Pepco Holdings Inc. Chairman and CEO Joseph Rigby announced yesterday he will step down as chief executive this year after a turbulent tenure marked by criticism over the company’s reliability.
Frank Heintz, lead independent director of the Pepco board, said the company has hired executive search firm Russell Reynolds Associates and expects to name a new CEO by the end of the third quarter of 2014. Rigby, 57, will remain chairman of the board until the company’s 2015 shareholders meeting.
“The board has been focused on senior executive succession for several years,” Heintz said in a statement.
Pepco delivers electricity and natural gas to about 2 million customers in Delaware, the District of Columbia, Maryland and New Jersey.
The company came under blistering criticism after widespread outages in the Washington region in 2010 and a Washington Post analysis found that the company’s customers suffered longer and more frequent outages than their counterparts in other major cities. One 2009 survey found the company’s customers experienced 70% more outages than customers of large urban utilities and the lights stayed out more than twice as long.
It was called the “most hated company in America” in 2011, based on the American Consumer Satisfaction Index.
Customer outrage led the Maryland legislature to order the Public Service Commission to hold electric providers accountable for service quality.
Rigby became chairman and CEO in 2009. He told the Post in an interview yesterday, “A lot of that criticism was, frankly, deserved.”

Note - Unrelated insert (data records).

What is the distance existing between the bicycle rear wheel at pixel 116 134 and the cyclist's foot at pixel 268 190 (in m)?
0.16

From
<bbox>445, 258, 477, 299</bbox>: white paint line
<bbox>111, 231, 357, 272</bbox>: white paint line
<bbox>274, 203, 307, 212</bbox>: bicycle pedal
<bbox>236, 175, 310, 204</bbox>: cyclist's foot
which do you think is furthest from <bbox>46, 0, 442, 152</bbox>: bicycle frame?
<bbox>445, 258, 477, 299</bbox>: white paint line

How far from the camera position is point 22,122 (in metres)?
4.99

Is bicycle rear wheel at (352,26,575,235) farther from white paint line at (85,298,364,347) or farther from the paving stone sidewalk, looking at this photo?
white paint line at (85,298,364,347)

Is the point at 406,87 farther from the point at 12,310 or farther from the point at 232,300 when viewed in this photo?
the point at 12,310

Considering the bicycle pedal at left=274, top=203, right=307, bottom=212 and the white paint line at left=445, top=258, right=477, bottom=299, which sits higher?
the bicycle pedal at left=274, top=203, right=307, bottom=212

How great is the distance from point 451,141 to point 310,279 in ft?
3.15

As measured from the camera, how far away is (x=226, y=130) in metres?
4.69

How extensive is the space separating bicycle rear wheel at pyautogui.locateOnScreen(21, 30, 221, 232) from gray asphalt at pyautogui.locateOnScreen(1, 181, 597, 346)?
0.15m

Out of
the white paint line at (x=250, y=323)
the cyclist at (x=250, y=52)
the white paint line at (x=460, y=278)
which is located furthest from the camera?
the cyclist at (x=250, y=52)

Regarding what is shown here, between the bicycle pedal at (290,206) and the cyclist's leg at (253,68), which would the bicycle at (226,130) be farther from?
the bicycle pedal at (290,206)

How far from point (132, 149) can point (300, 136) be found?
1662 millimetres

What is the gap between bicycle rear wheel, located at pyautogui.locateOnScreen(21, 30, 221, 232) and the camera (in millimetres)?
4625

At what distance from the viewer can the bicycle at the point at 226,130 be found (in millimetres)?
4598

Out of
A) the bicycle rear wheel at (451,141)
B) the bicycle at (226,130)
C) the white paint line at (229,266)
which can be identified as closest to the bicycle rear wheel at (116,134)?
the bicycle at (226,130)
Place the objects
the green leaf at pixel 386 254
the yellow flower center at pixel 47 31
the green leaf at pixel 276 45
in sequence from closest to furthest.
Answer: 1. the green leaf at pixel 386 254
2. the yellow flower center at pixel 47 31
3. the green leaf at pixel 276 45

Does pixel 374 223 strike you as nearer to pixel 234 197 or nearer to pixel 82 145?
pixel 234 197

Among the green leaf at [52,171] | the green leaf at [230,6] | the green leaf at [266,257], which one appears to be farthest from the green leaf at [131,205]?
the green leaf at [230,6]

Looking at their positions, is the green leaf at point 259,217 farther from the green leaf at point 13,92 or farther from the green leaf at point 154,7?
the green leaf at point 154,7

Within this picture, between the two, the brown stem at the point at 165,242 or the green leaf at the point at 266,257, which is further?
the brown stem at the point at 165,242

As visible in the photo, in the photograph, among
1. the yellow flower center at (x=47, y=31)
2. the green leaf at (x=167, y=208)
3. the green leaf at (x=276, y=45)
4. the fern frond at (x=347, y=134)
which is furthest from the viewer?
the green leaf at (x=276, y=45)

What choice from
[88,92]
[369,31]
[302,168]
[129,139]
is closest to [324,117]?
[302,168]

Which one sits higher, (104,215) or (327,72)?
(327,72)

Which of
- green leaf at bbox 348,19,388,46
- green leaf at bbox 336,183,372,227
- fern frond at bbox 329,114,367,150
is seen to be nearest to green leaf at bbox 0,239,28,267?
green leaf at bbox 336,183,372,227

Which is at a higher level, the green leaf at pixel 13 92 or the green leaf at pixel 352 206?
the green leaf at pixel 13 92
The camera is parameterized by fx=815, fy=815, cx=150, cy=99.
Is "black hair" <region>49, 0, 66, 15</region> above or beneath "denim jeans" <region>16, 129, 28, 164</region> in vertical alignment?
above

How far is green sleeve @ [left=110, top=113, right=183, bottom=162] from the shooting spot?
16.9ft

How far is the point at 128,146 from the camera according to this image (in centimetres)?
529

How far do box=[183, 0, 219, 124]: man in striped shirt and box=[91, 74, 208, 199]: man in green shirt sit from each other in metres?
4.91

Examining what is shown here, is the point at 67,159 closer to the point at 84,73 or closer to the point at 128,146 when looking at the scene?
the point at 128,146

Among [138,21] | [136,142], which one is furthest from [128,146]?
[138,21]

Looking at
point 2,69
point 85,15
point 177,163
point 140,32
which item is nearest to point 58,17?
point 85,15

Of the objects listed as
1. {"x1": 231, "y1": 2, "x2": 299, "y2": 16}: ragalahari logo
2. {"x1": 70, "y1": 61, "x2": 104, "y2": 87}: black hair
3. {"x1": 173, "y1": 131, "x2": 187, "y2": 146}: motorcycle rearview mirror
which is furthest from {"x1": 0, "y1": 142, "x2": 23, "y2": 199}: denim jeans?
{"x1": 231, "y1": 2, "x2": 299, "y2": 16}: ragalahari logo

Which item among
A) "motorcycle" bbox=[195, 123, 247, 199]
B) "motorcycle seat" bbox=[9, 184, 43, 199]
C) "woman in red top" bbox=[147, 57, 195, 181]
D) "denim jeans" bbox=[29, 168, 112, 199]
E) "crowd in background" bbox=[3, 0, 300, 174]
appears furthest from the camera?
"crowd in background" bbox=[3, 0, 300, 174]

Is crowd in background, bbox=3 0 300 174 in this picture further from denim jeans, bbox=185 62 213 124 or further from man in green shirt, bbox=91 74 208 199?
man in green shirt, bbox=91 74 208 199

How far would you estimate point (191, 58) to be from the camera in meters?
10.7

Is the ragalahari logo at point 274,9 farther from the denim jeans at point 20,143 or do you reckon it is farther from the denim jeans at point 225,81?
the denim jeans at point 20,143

“This company needed to recognize that we had a hell of a lot of work to do to improve the day-to-day reliability,” he said.
Pepco doubled its budget for construction and infrastructure improvement between 2009 and 2012 and plans to spend $5.8 billion on infrastructure through 2018.
Rigby began his career at Atlantic City Electric, which Pepco acquired along with Delmarva Power, in 2002. He told the Post that although the company has boosted its reputation with customers and regulators, the perception of improvements is “somewhat tenuous.”
“That’s just a realistic view of the situation we’ve been in,” he said.